On OSX (Mountain Lion), overlapping MAP_FIXED mmaps will clobber each other with zeroed out memory pages, as expected: git://gist.github.com/3889656.git
I'm pretty sure this can lead to portability problems
Do you mean the solution suggested on StackOverflow or something else?
I think silently clobbering existing mappings, the expected behavior, is bad for this use case. If some platform(s) give an error instead, that's helpful, but can't be depended upon.
Checked both 32-bit Gentoo and OSX. After removing "MAP_FIXED" parameter, I get correct results even when adding many pages to the end. As mentioned by @silentbicycle above, this may be a problem just in theory, but not in practice.
Removing MAP_FIXED
introduces a new problem which is that the OS may add pages elsewhere besides the end of the object, which is what is expected. That would be bad since objects are assumed to be contiguous in memory.

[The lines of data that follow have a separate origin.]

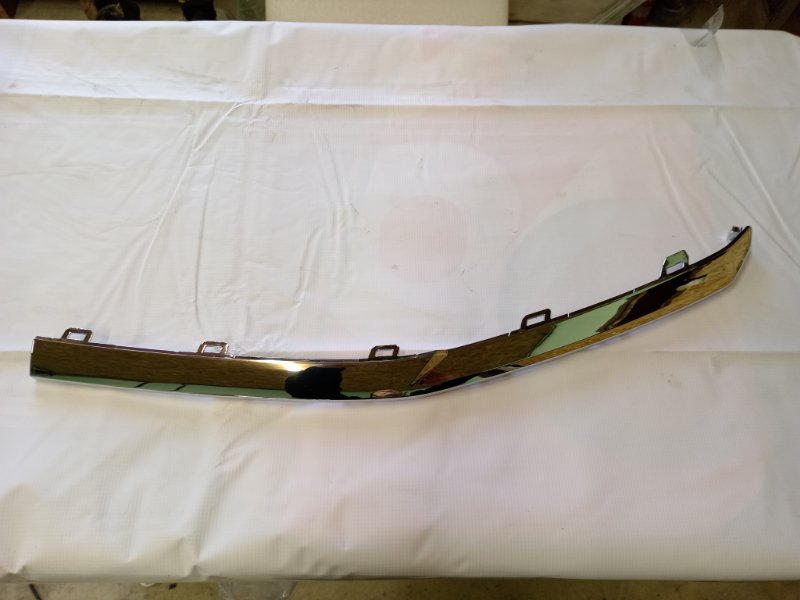 Молдинг бампера передний левый Geely Monjaro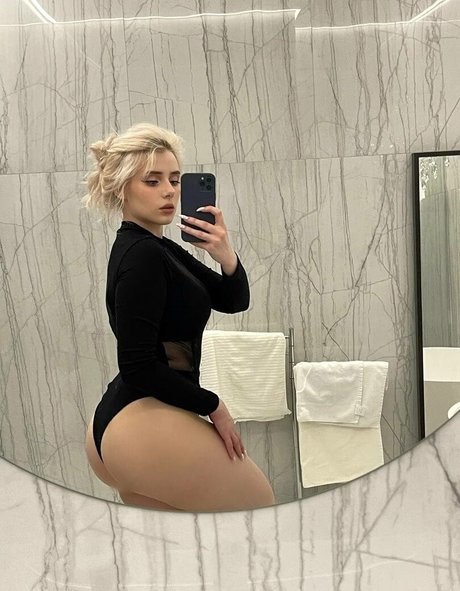 Sveta Sollar ポルノスター ホット 写真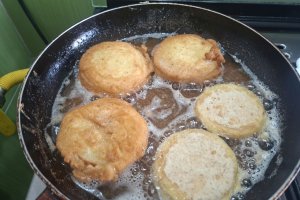 Rondele de ceapa pane, la tigaie – delicioase si simplu de facut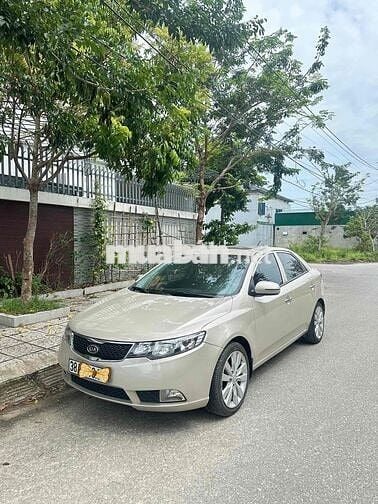 Kia Forte 2011 SX 1.6 MT - 130000 km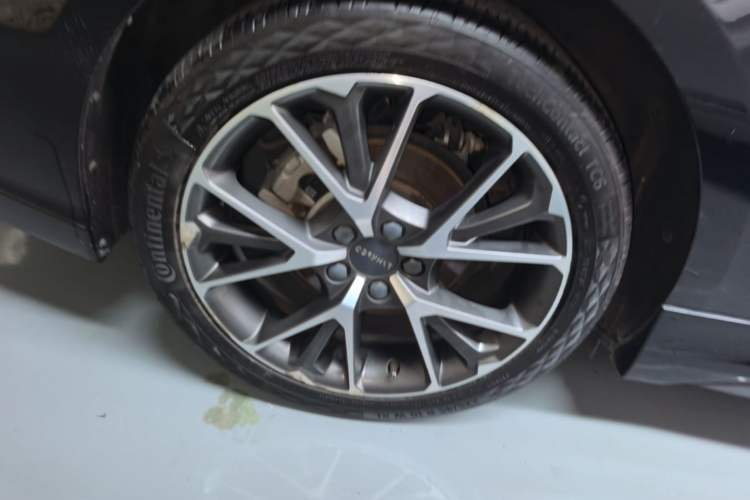 Used Lynk & Co 03 2019 1.5TD DCT JingPro Edition China VI Standard Right Rear Wheel Hub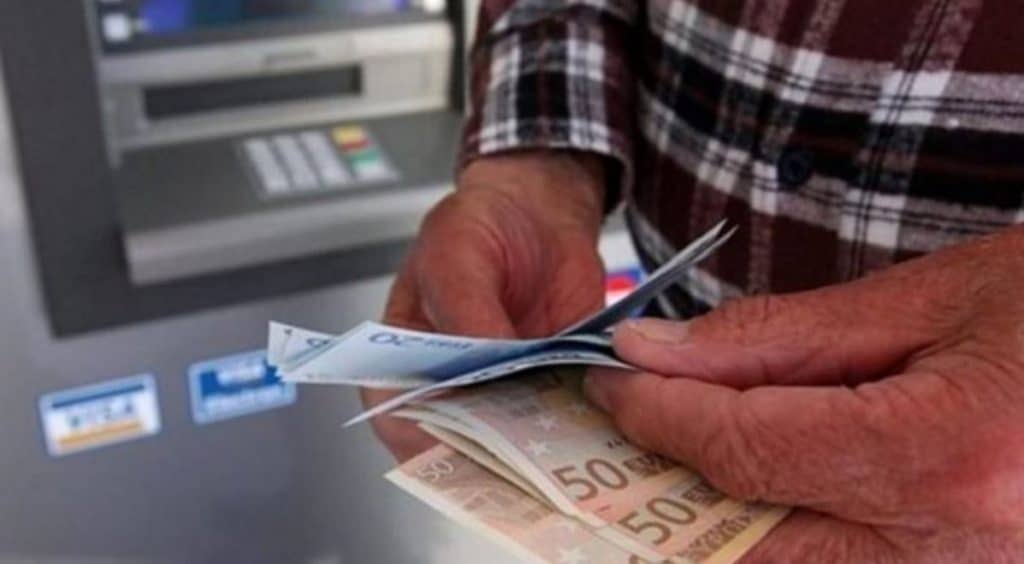 Τράπεζες: «Φοβισμένους» καταθέτες δείχνουν τα στοιχεία της ΤτΕ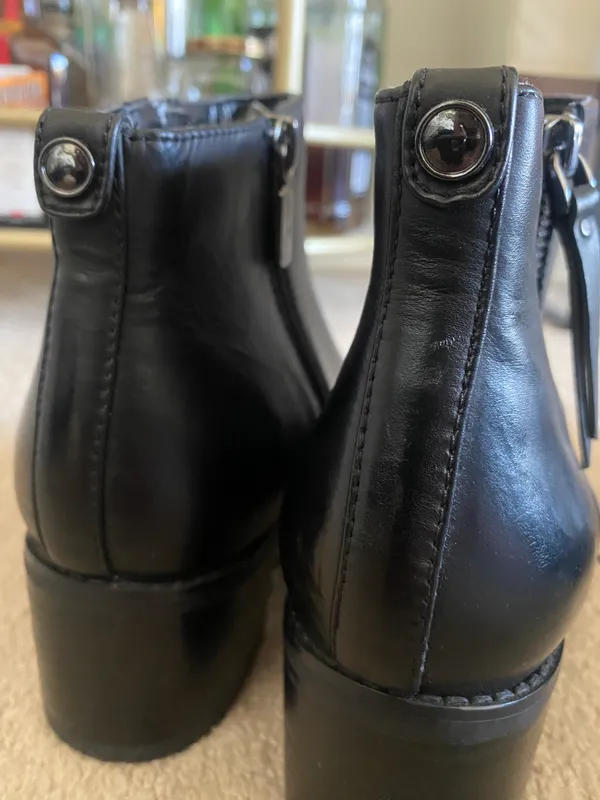 Aqua college Waterproof Booties Black Size 7.5 - Image 4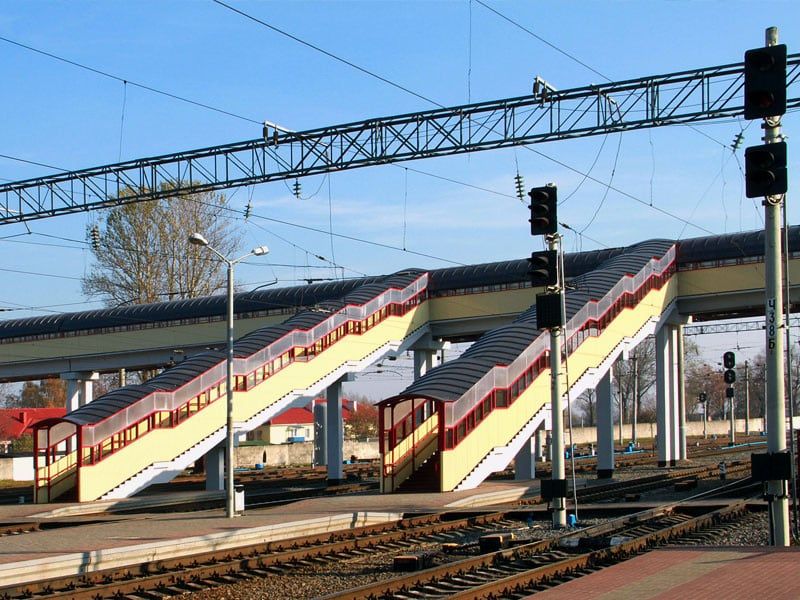 Крытый переход железнодорожного вокзала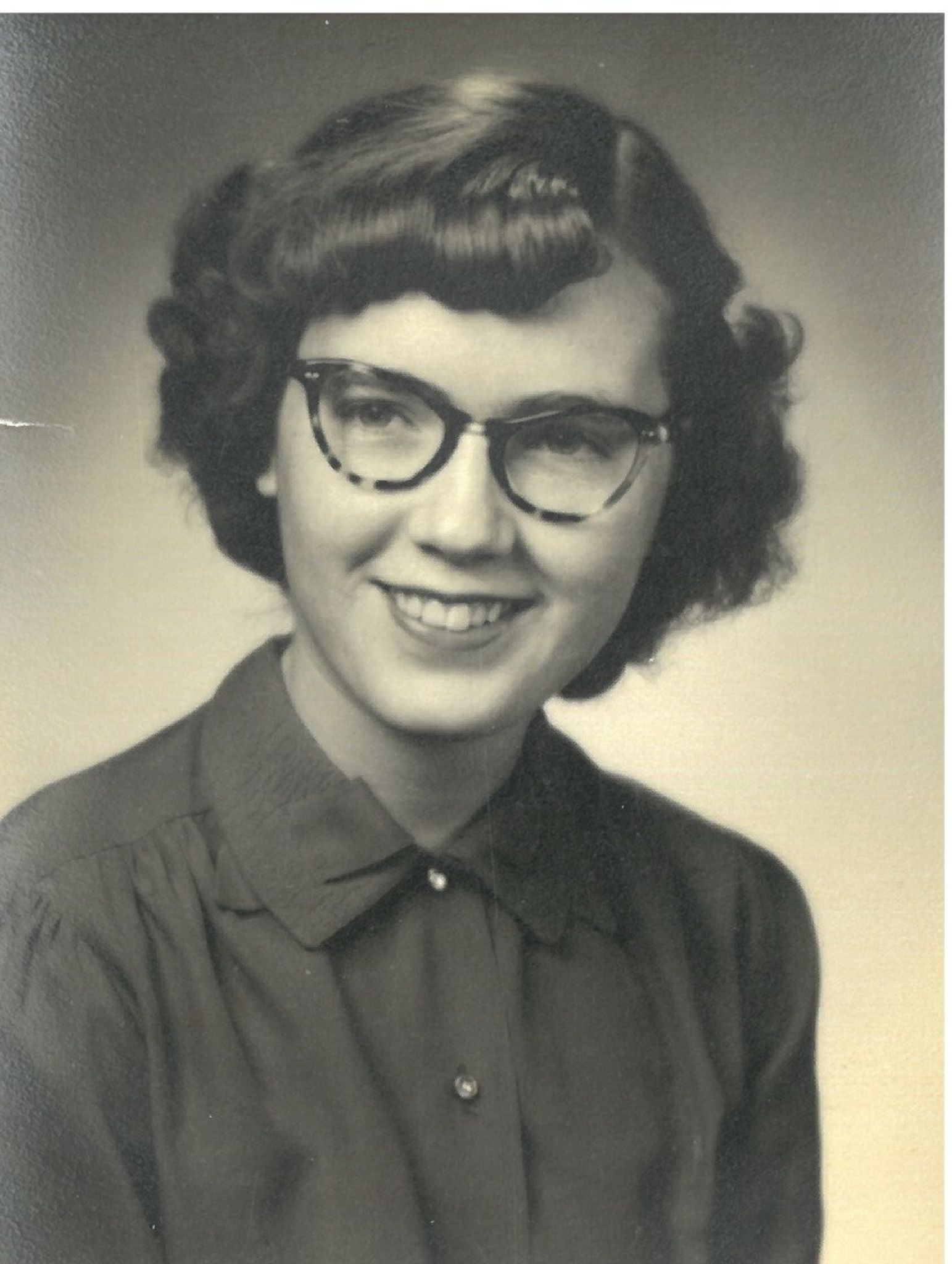 Doylene B. (Breedlove)  Robinson photo gallery image 1 of 23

(The test case to show how this fails is to map two objects contiguously in memory and then attempt to expand the first. Expected: With MAP_FIXED
it clobbers the the second object. Expected: Without MAP_FIXED
the tail of the first object is added to a random location in memory, potentially even before the object.)
Advised: restore MAP_FIXED
, use a portable option from below to check beforehand for already-mapped areas. The result of finding an already-mapped area should be the same as if MAP_FAILED
was the function return in the existing code.
Options:
mincore
see: http://stackoverflow.com/a/14956743/365478 or http://stackoverflow.com/a/8363219/365478msync
see: http://stackoverflow.com/a/8368346/365478posix_mem_offset
see above (currently not portable?)What are the timings for each? The best choice is probably the fastest. StackOverflow commenters suggest mincore
is best since it is lowest-level.
The previous idea to reserve large chunks of memory beforehand seems not as good.
I think the above is the correct solution.
(Speculation: After implementing the above, to be perfectly correct we may need to use MAP_LOCKED
or mlock
on the first page of any file mmapped from disk. This is based on four untested assumptions: 1. anonymous memory never causes mincore/msync to announce that it isn't mapped. 2. mincore/msync, thinking the address is not in use, fails to return an error when looking at an address containing a page, originally mapped to a file on disk, which has not been used in a while after heavy mmap usage elsewhere. 3. operating systems do not wire in the first page of files by default. 4. locked memory does indeed play nicely with mincore/msync. The case, if it exists, would be that we map file X on disk, do a lot of work, potentially at the end of file X, do some more work appending to a separate object, and then that object extends over the beginning of X's mapping because mincore/msync do not alert us, the first page of X having been paged out. It is an odd corner case that we may never see, and no worse than the possible scenarios in the previous solutions.)
All of this is to get around not having a portable mremap.
Is there any benefit in using mremap for Linux (and maybe for Cygwin), and an alternate solution for OSX?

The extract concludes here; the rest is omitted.